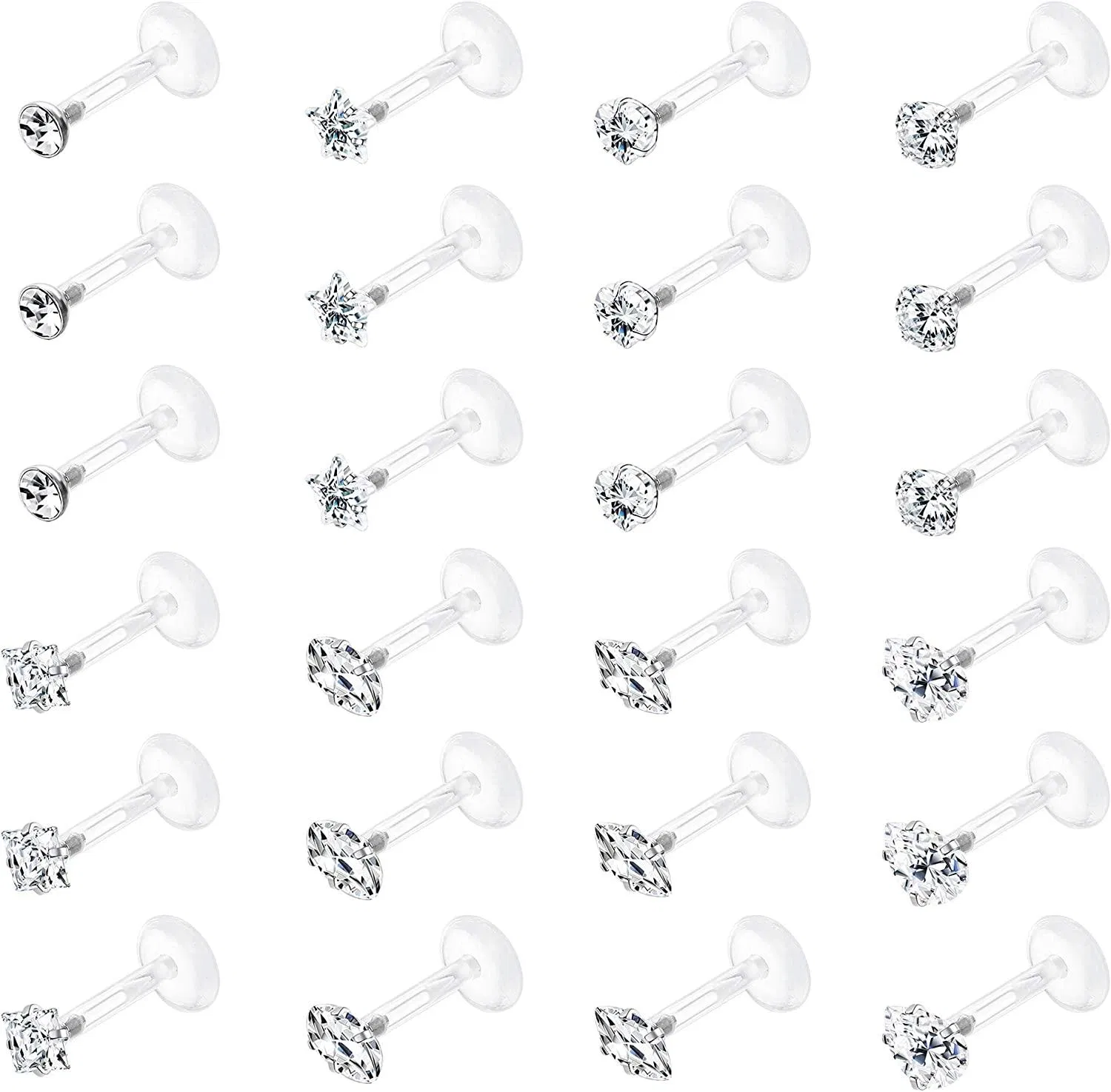 16G Forward Helix Cartilage Tragus Earring Studs Internal Threaded Labret Monroe Lip Rings Stainless Clear Acrylic Barbell Piercing Set - Grocery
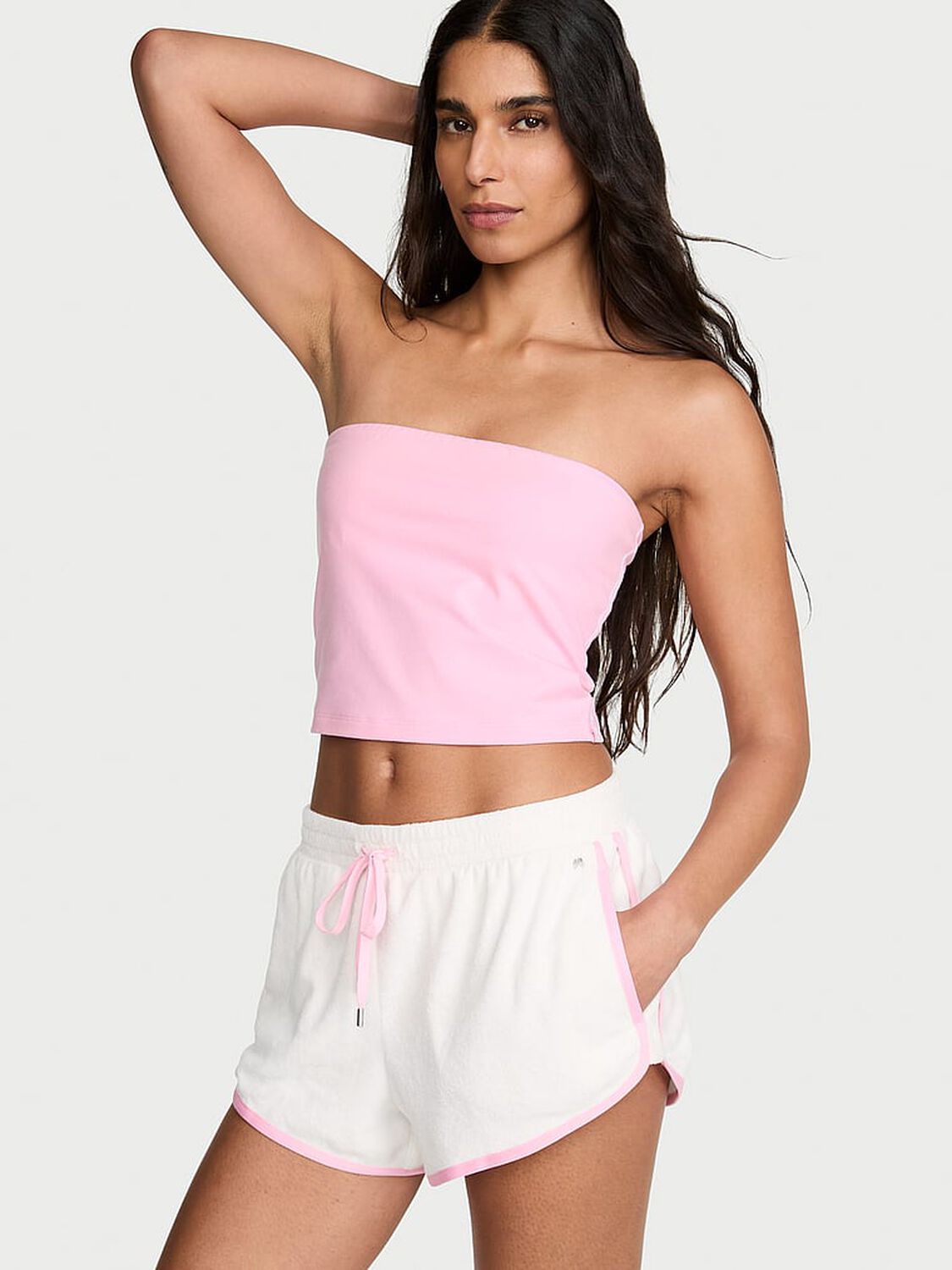 vs Angel Essentials Micro Terry Curved Hem Short Coconut White 1 of 3 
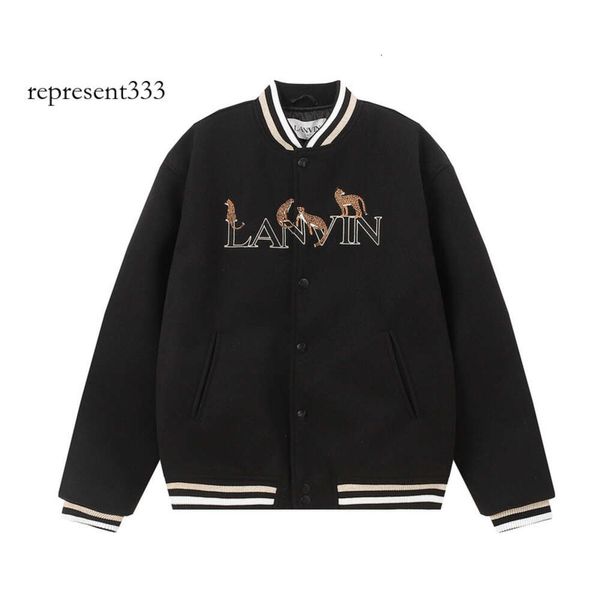 Jaqueta de Lanvin Cheng Yi de Lanvin Langfan Zhaocai Jinbao Capsule Series Black Bordered Borderball Jersey para homens e mulheres casuais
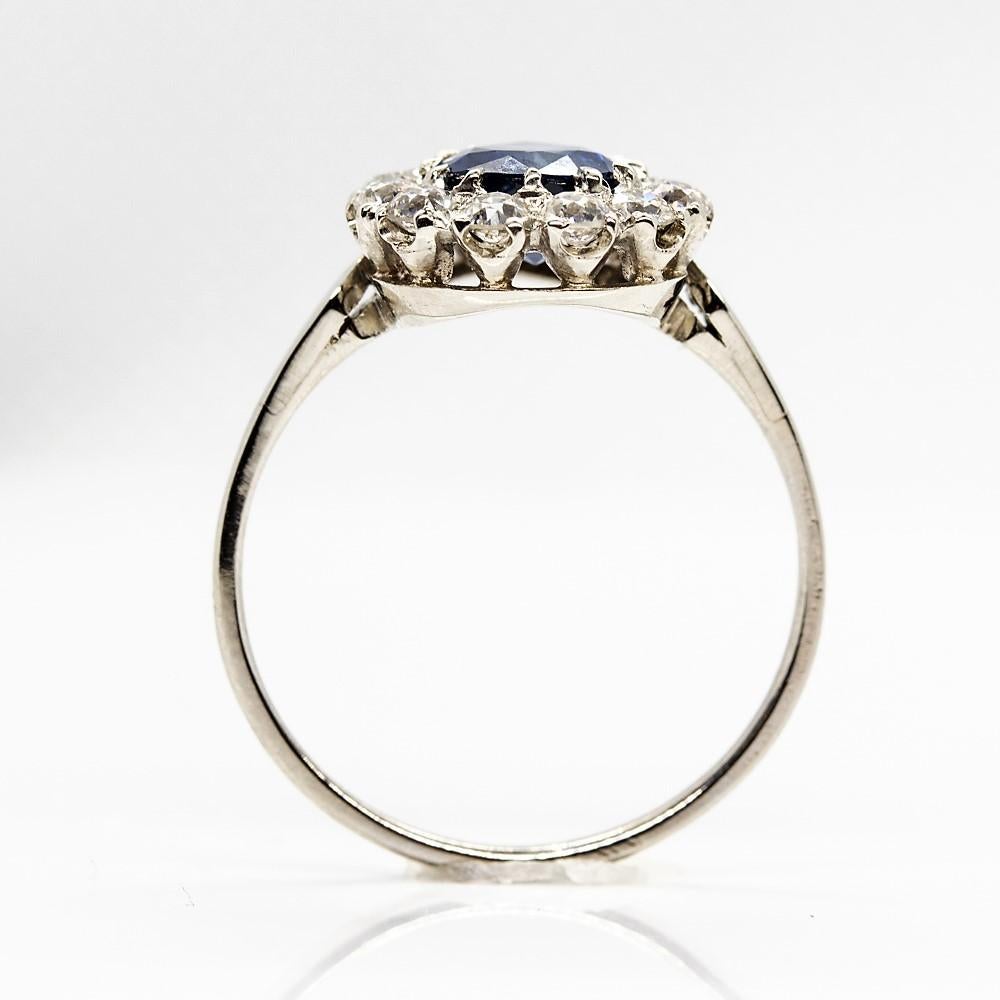 Spectacular Platinum Sapphire and Diamonds Pear Shape Ring In Excellent Condition In Miami, FL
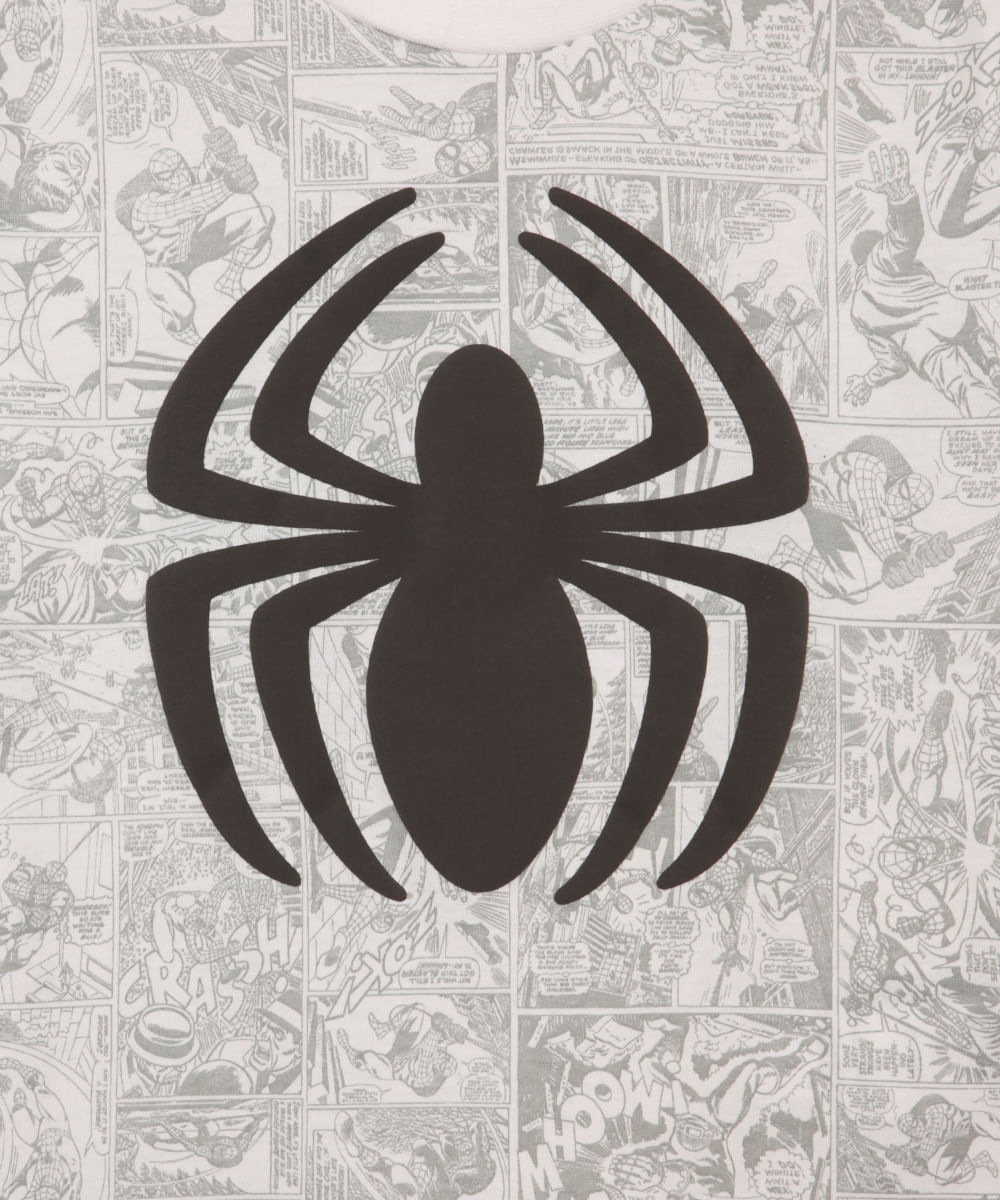 camiseta de algodão infantil homem aranha off white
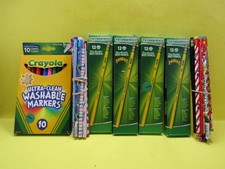Dixon Ticonderoga #2 Pencils (48) Designer Pencils (24) Crayola Markers Bundle  picture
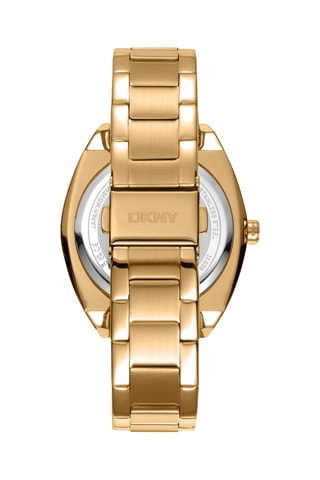 Stalen Quartz Horloge Logo - Goudkleurig en Geel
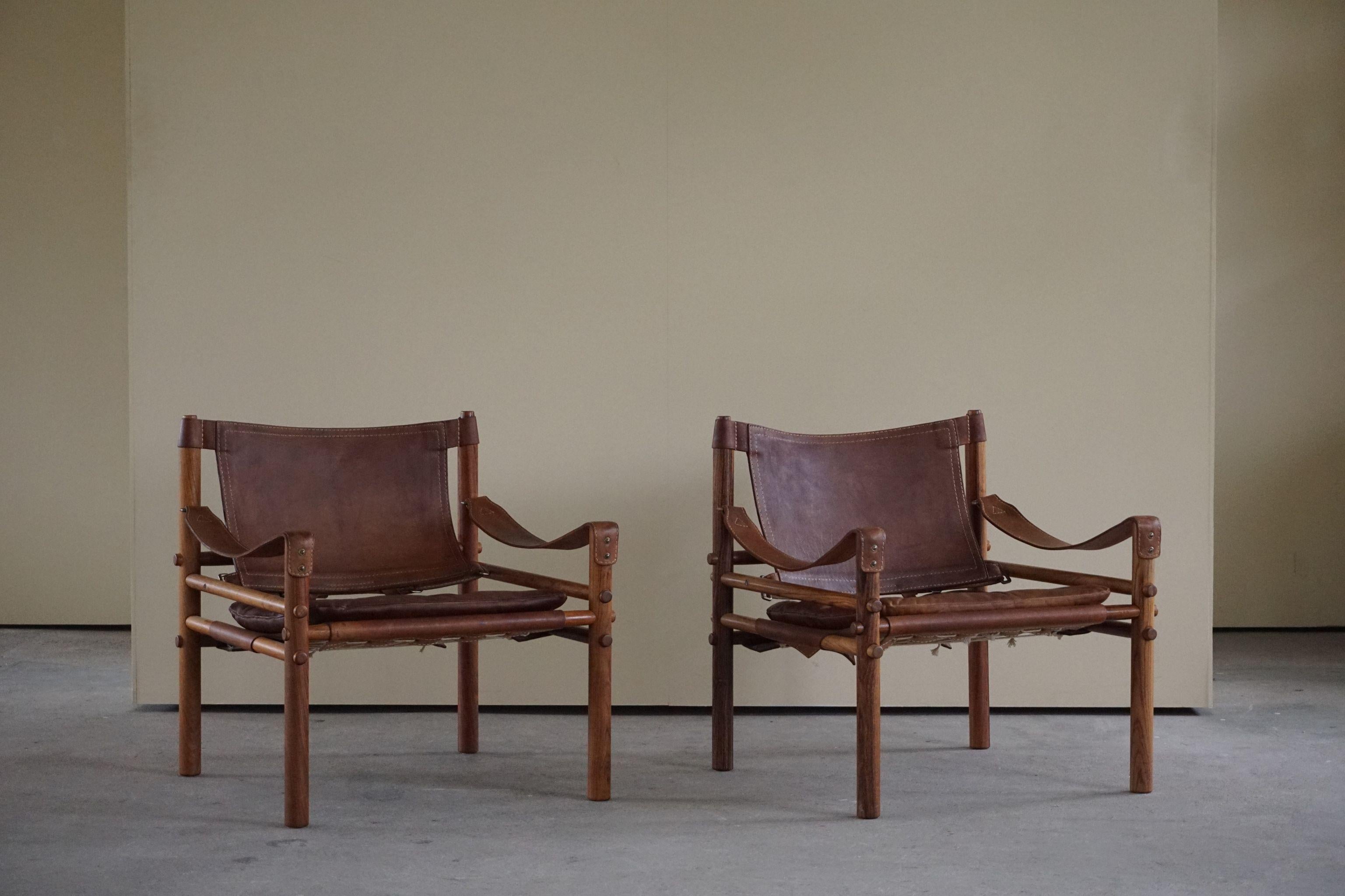Pair of Sirocco Safari Chairs, Made by Arne Norell AB in Aneby Sweden, 1960s 7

^^^^^^^^^^^^^^^^

## [WHAT YOU NEED TO DO]
Only the pictures stay out; the rest of the entries above must be written out exactly.

## [WRITTEN ANSWER]
 16G Forward Helix Cartilage Tragus Earring Studs Internal Threaded Labret Monroe Lip Rings Stainless Clear Acrylic Barbell Piercing Set - Grocery
 vs Angel Essentials Micro Terry Curved Hem Short Coconut White 1 of 3 
 Jaqueta de Lanvin Cheng Yi de Lanvin Langfan Zhaocai Jinbao Capsule Series Black Bordered Borderball Jersey para homens e mulheres casuais
 Spectacular Platinum Sapphire and Diamonds Pear Shape Ring In Excellent Condition In Miami, FL
 camiseta de algodão infantil homem aranha off white
Dixon Ticonderoga #2 Pencils (48) Designer Pencils (24) Crayola Markers Bundle  picture
 Stalen Quartz Horloge Logo - Goudkleurig en Geel
Pair of Sirocco Safari Chairs, Made by Arne Norell AB in Aneby Sweden, 1960s 7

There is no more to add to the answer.